§ The data:
------------------------------------
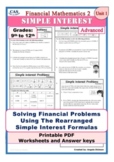 Financial Literacy-Financial Math-Using Rearranged Simple Interest Formulas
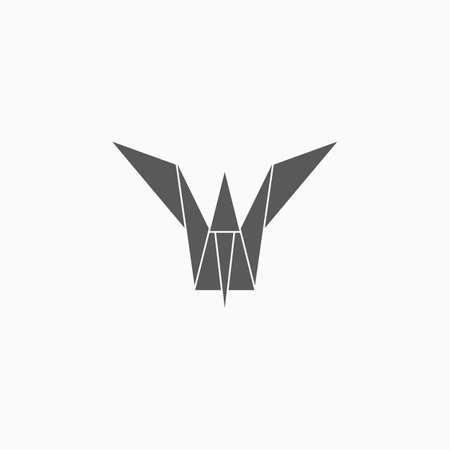 origami paper bird iconのイラスト素材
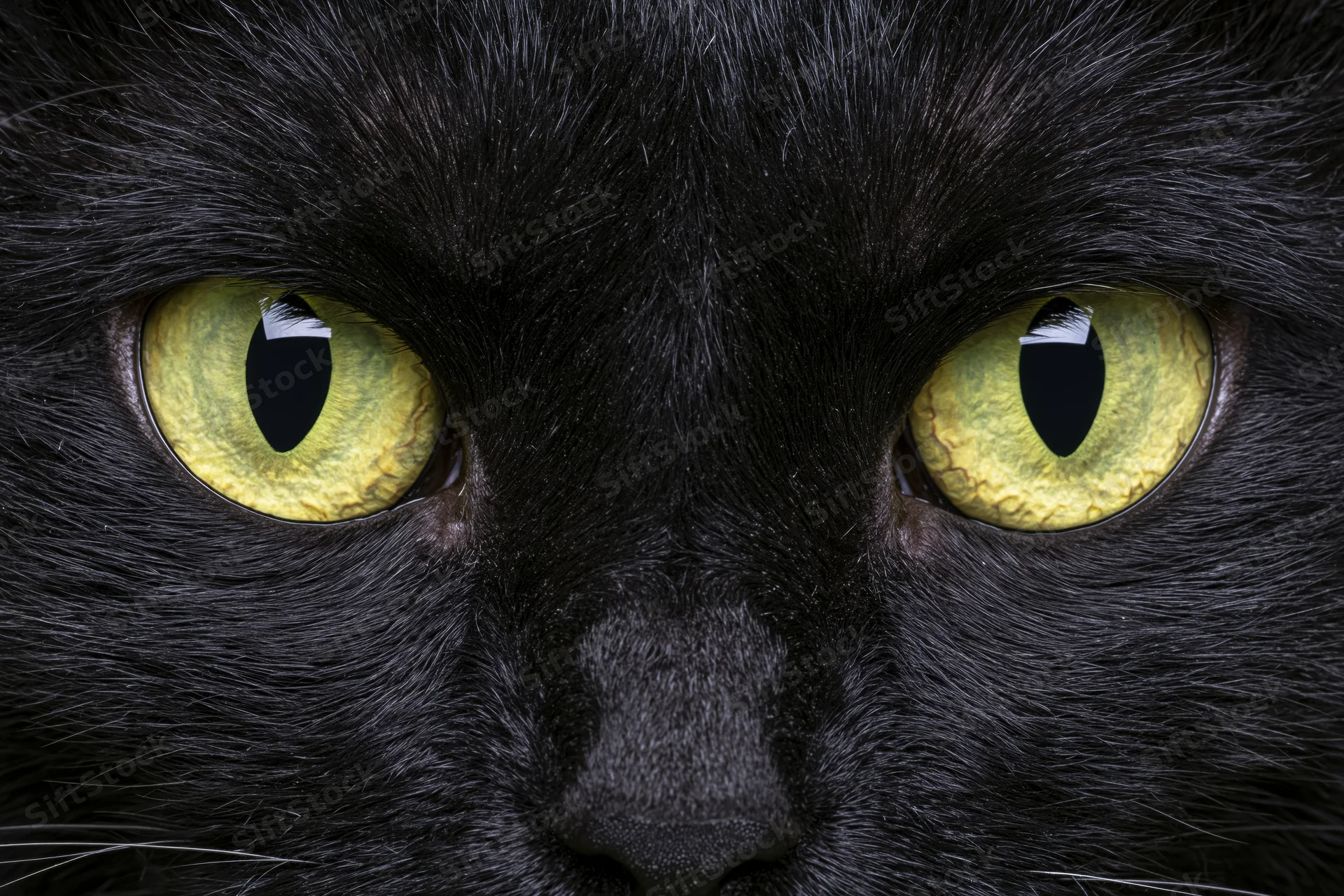 Black cat staring directly into camera in extreme closeup on face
------------------------------------
§ Your instructions:
Word for word, restate all of the data, but do not copy the pictures.

§ Finished task:
 Financial Literacy-Financial Math-Using Rearranged Simple Interest Formulas
 origami paper bird iconのイラスト素材
 Black cat staring directly into camera in extreme closeup on face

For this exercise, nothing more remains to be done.